Installation

This quickstart will walk you through a basic implementation of FIDO2, where we are using FIDO2 for single-factor authentication (something you have). This quickstart is designed to get you familiar with our FIDO2 APIs and WebAuthn. The completed sample should not be deployed into production.

You will be writing some JavaScript in this quickstart in order to use the WebAuthn API. The code for this is meant to be as unopinionated as possible, solely for the purpose of getting you familiar with WebAuthn and the FIDO2 authentication process. The quickstart does use jQuery and Bootstrap, but this is not necessary for component or WebAuthn usage. This example works well on top of the Visual Studio .NET Core or .NET 6 MVC template.

For production, we recommend checking out the work GitHub is doing in webauthn-json.

To run this quickstart, you will need a FIDO U2F or FIDO2 authenticator that can communicate with your browser. This authenticator could be a physical key such as a Yubikey or a platform authenticator such as Windows Hello.
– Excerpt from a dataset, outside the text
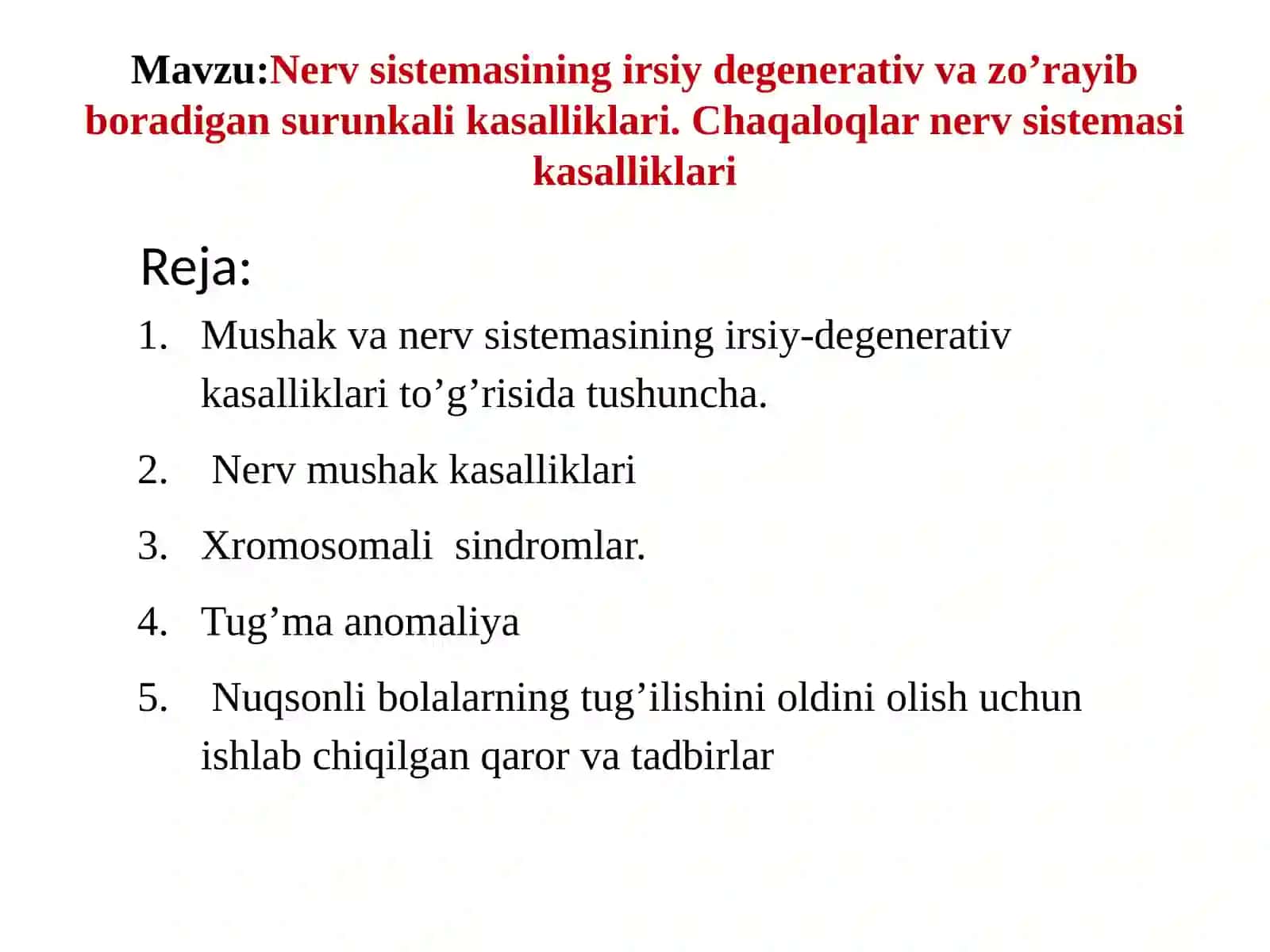 Nerv sistemasining irsiy degenerativ va zo’rayib boradigan surunkali kasalliklari 2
You can find completed source code for this quickstart on GitHub.

NuGet Installation

To start, you’ll need to install our FIDO2 component from NuGet:

install-package Rsk.AspNetCore.Fido 

This component requires a license which you can get by signing up for a demo or purchasing via sales@identityserver.com.

Initial Configuration

The FIDO component requires the AddFido registration in your IServiceCollection. You also need a store for adding user credentials to, so for now, let’s use an in-memory store.

public class Startup
{
    public void ConfigureServices(IServiceCollection services)
    {
        services.AddMvc().SetCompatibilityVersion(CompatibilityVersion.Version_2_2);

        services.AddFido(options => {
            options.Licensee = "<your licensee>";
            options.LicenseKey = "<you license key>";
        }).AddInMemoryKeyStore();
    }

    public void Configure(IApplicationBuilder app)
    {
        app.UseDeveloperExceptionPage();

        app.UseHttpsRedirection();

        app.UseAuthentication();

        app.UseStaticFiles();
        app.UseMvcWithDefaultRoute();
    }
}

Registration

For registration, you will need three actions and two views:

1. Start Registration, taking in the user’s identifier and a friendly name for the authenticator they are about to register. The view for this will simply be a form that gathers these values
2. Registration, using the user’s identifier to start the FIDO registration process (e.g. generating a cryptographic challenge value). The view for this will handle the interaction with the FIDO authenticator
3. Complete Registration, for receiving the authenticator’s credential creation response and submitting it to the FIDO library.

You will also need access to IFidoAuthentication, which will be your entry point into our FIDO component. This can be injected into your controller.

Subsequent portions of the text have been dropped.